**Image-text web data:**
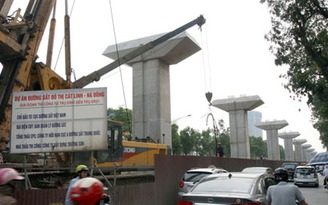 600 người phục vụ 13,05km đường sắt trên cao, nhiều hay ít?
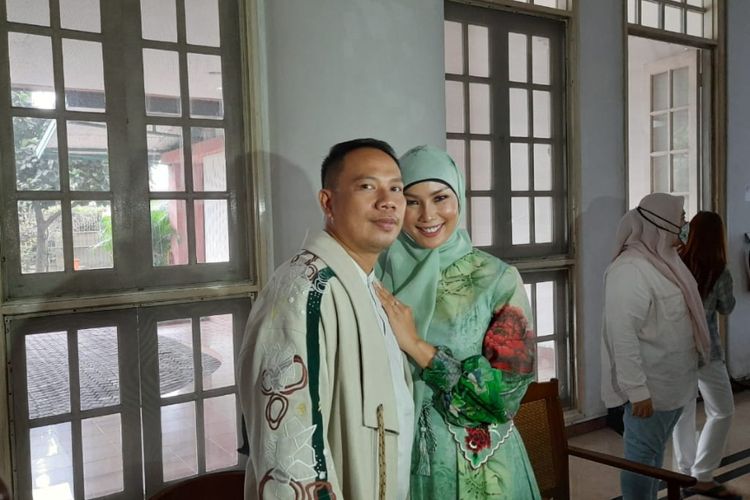 Vicky Prasetyo dan Kalina Ocktaranny menjalani sesi Pre-wedding di apartemen Mitra Bahari, Jakarta Utara, Sabtu (12/12/2020).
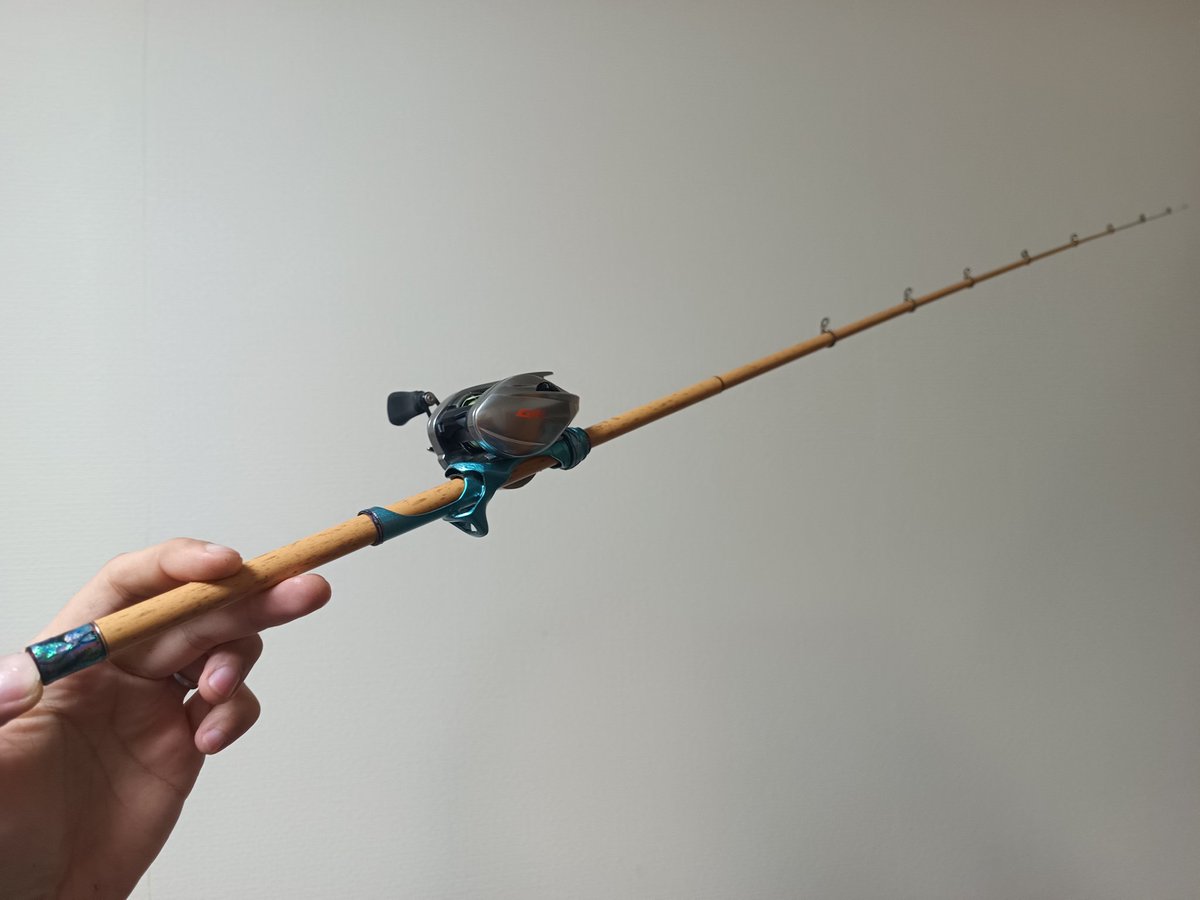 Gautraman's tweet photo. 【自分用】世界最小(自称)仕舞寸16cm、ルアー用テレスコでは世界最軽量(自称)アンダー30gのロッド完成！ただの狂気です。
超軽量リールシート&amp;フードナットを実現するギミック等、詳細はブログにて。
https://t.co/mwOZrAFPPT https://t.co/FKGYy2v9Lu
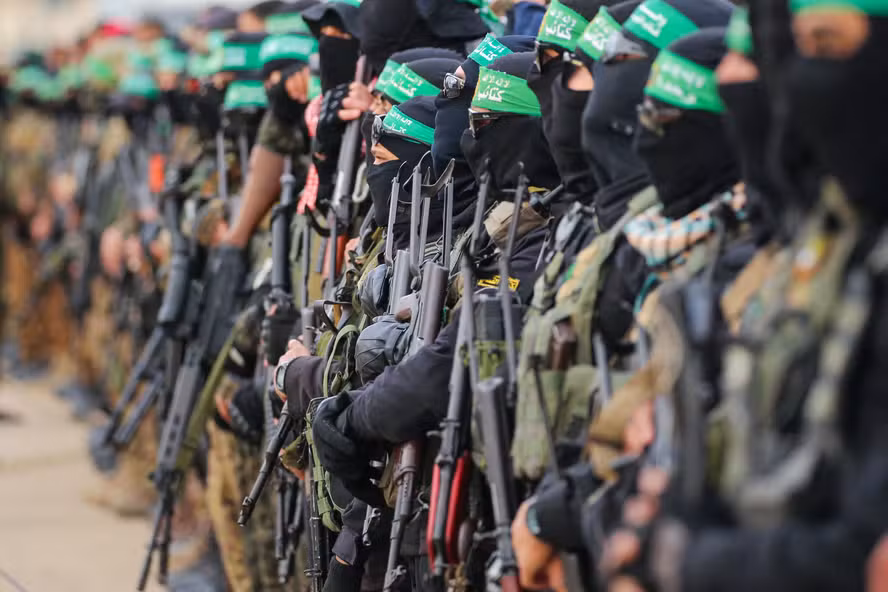 Hamas Consolida Poder em Gaza com Execuções Pós-Cessar-Fogo, Gerando Dilema Internacional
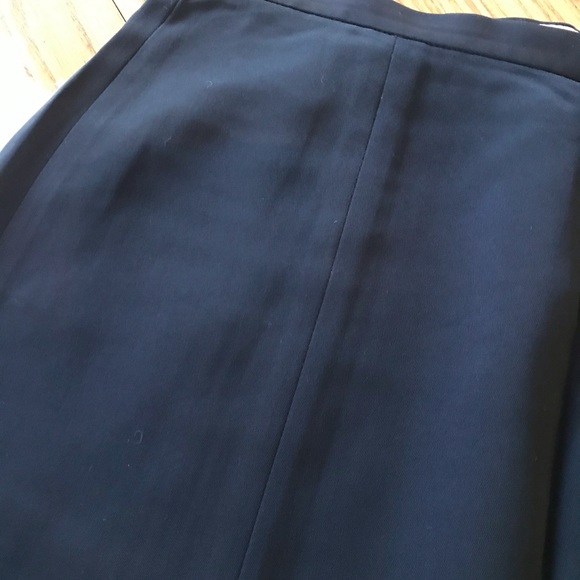 Unavailable — EUC Eddie Bauer black mid skirt - Picture 3 of 4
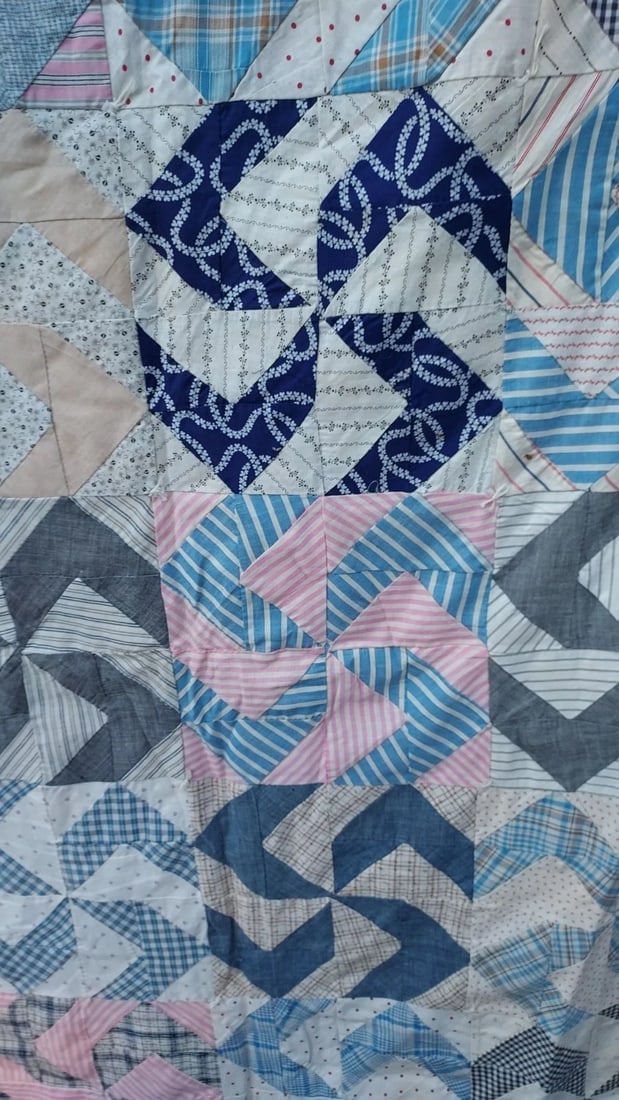 Pin Wheel Design Antique Quilt Heavy Weight 67 X 73 - 4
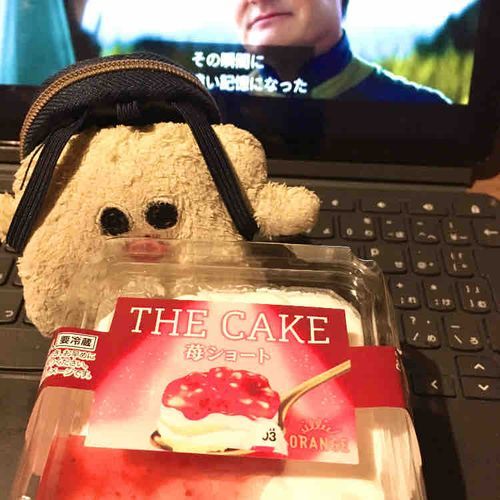 世の中はクリスマス一色だけど、
実は今日ぴきちのおたんじょび
［•ө•］ﾊｯﾋﾟﾊﾞｰｽﾃﾞｰﾎﾞｰｸｰ♪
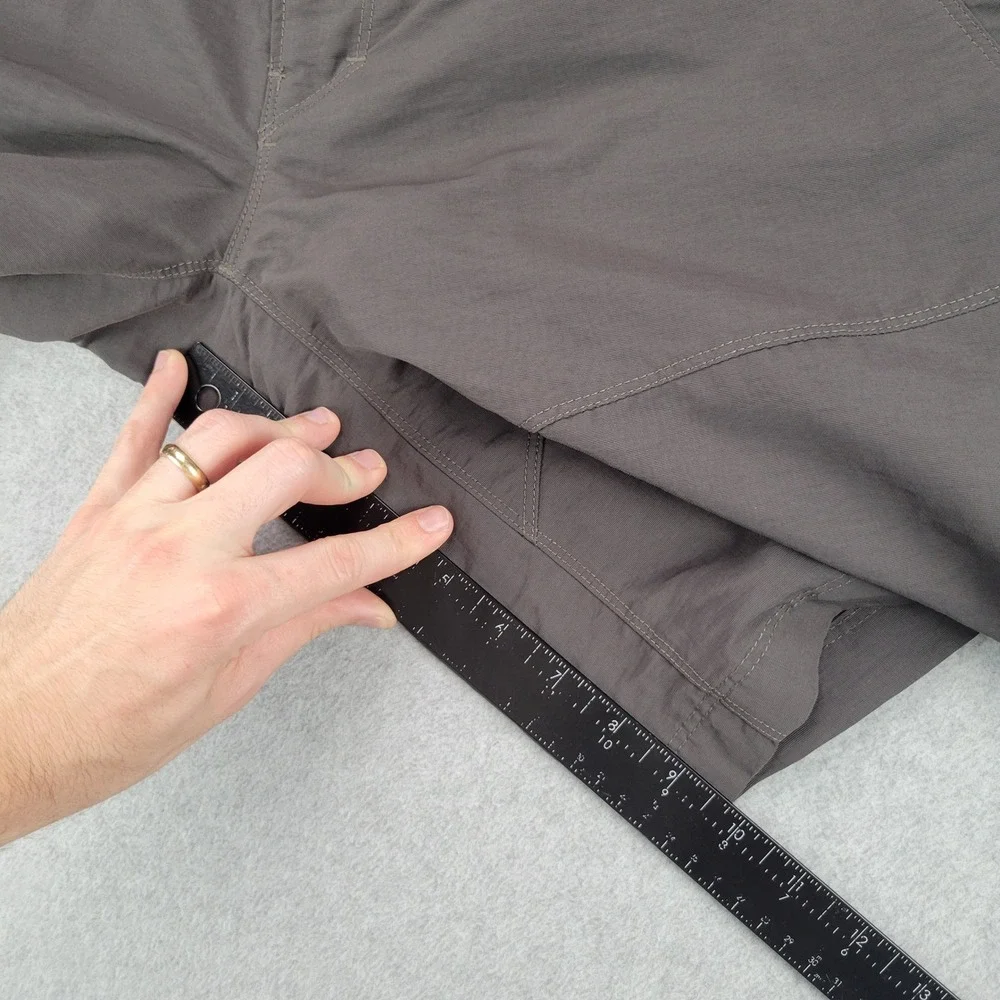 The North Face Hiking Shorts Mens 32 Gray Nylon Cargo Utility AXEZ T325/T725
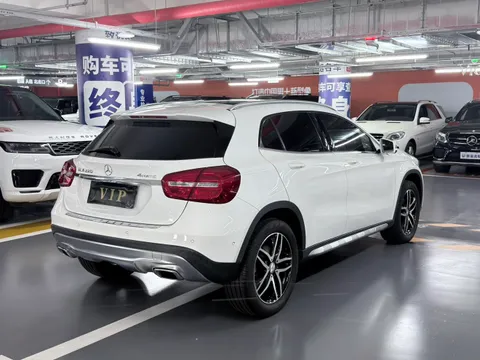 Mercedes-Benz Mercedes-Benz GLA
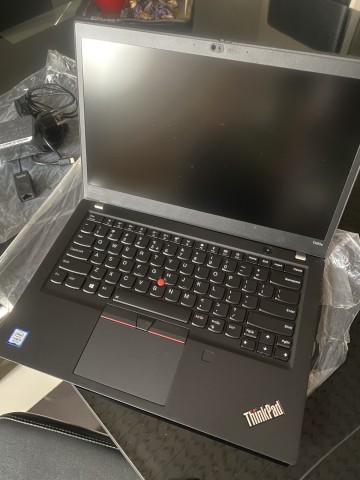 Venda Lenovo Think pad T490s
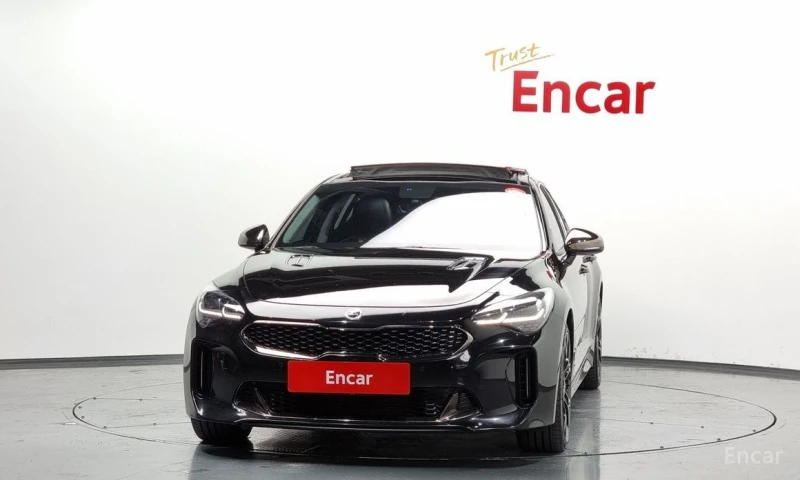 Kia Stinger, снимка 3 - Автомобили и джипове - 53239734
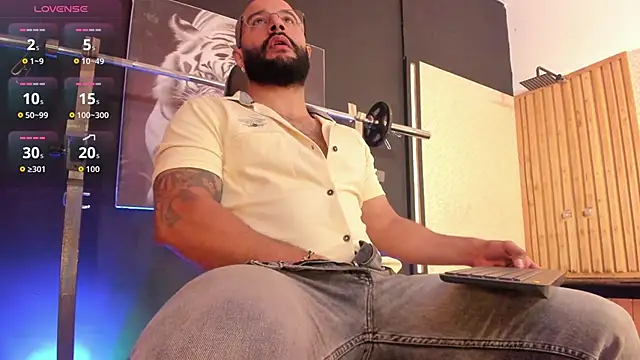 Luke  09 online show from 10/29/25, 11:34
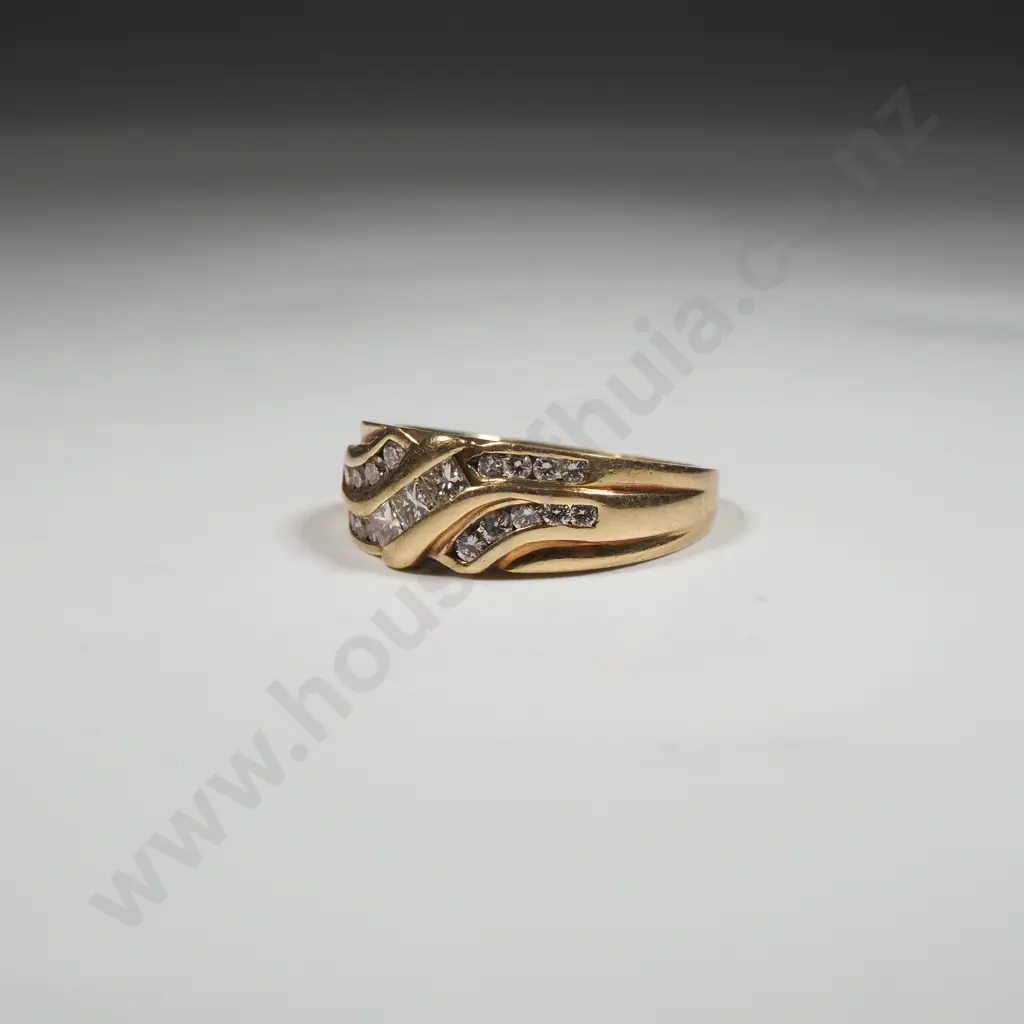 18ct Gold Diamond Ring Image 1++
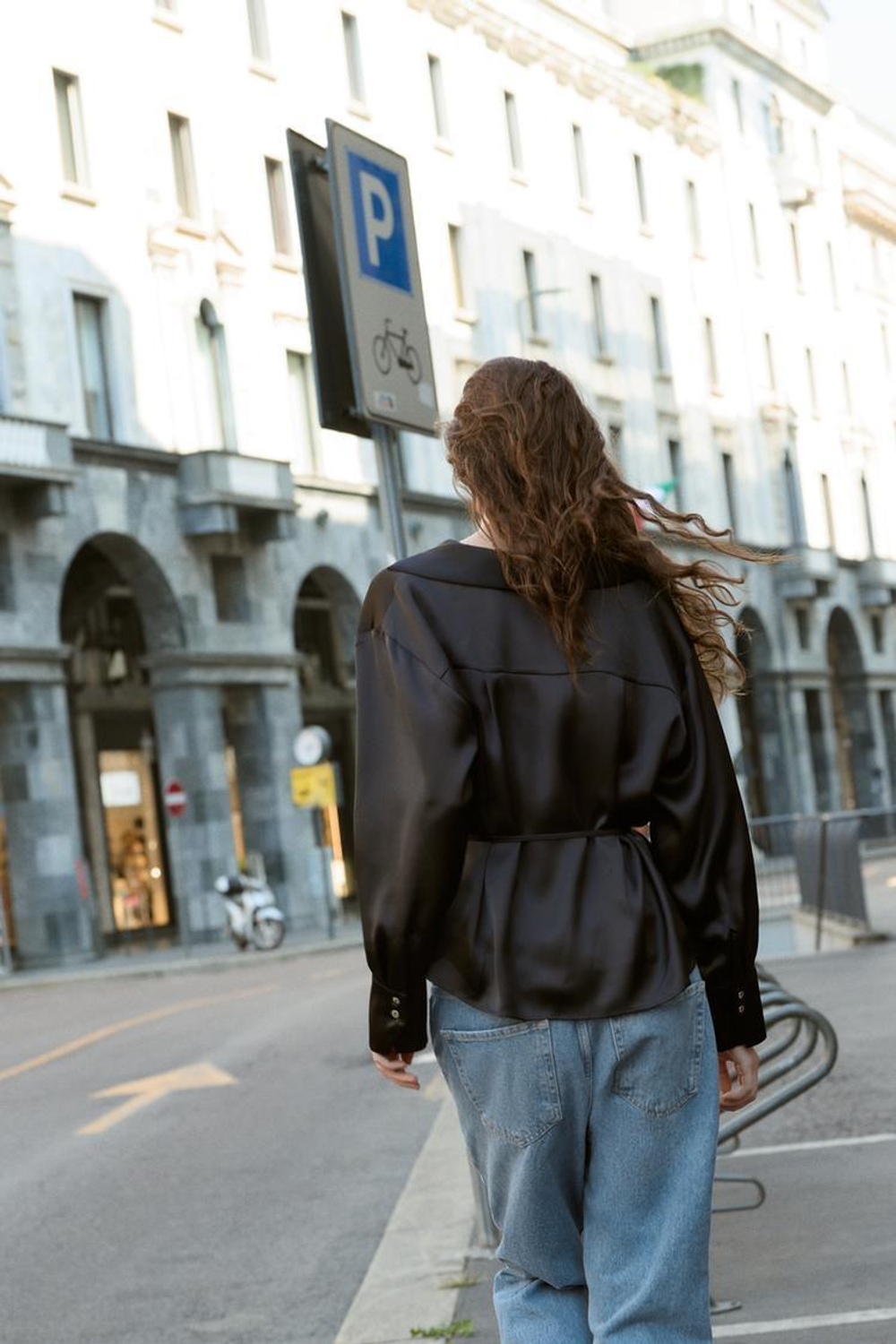 ZARA АТЛАСНАЯ БЛУЗА С ТОНКИМ РЕМНЕМ, ЧЕРНЫЙ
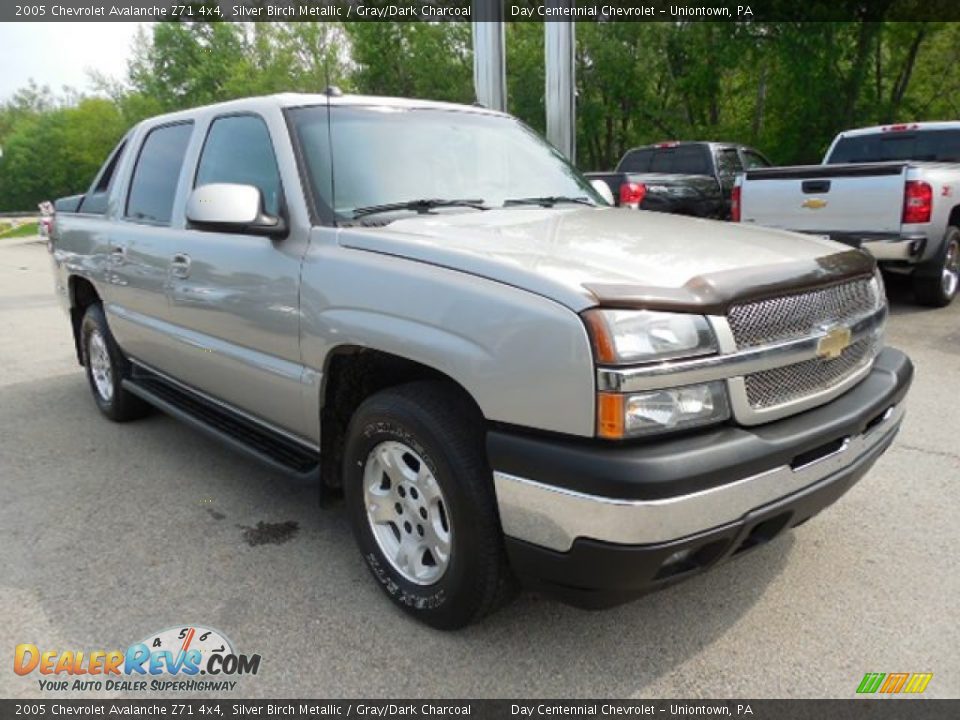 2005 Chevrolet Avalanche Z71 4x4 Silver Birch Metallic / Gray/Dark Charcoal Photo #9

**What to produce:** Copy out all the data without changing anything, and drop the pictures.

**Answer to the problem:**
 600 người phục vụ 13,05km đường sắt trên cao, nhiều hay ít?
 Vicky Prasetyo dan Kalina Ocktaranny menjalani sesi Pre-wedding di apartemen Mitra Bahari, Jakarta Utara, Sabtu (12/12/2020).
 Gautraman's tweet photo. 【自分用】世界最小(自称)仕舞寸16cm、ルアー用テレスコでは世界最軽量(自称)アンダー30gのロッド完成！ただの狂気です。
超軽量リールシート&amp;フードナットを実現するギミック等、詳細はブログにて。
https://t.co/mwOZrAFPPT https://t.co/FKGYy2v9Lu
 Hamas Consolida Poder em Gaza com Execuções Pós-Cessar-Fogo, Gerando Dilema Internacional
 Unavailable — EUC Eddie Bauer black mid skirt - Picture 3 of 4
 Pin Wheel Design Antique Quilt Heavy Weight 67 X 73 - 4
 世の中はクリスマス一色だけど、
実は今日ぴきちのおたんじょび
［•ө•］ﾊｯﾋﾟﾊﾞｰｽﾃﾞｰﾎﾞｰｸｰ♪
 The North Face Hiking Shorts Mens 32 Gray Nylon Cargo Utility AXEZ T325/T725
 Mercedes-Benz Mercedes-Benz GLA
 Venda Lenovo Think pad T490s
 Kia Stinger, снимка 3 - Автомобили и джипове - 53239734
 Luke  09 online show from 10/29/25, 11:34
 18ct Gold Diamond Ring Image 1++
 ZARA АТЛАСНАЯ БЛУЗА С ТОНКИМ РЕМНЕМ, ЧЕРНЫЙ
 2005 Chevrolet Avalanche Z71 4x4 Silver Birch Metallic / Gray/Dark Charcoal Photo #9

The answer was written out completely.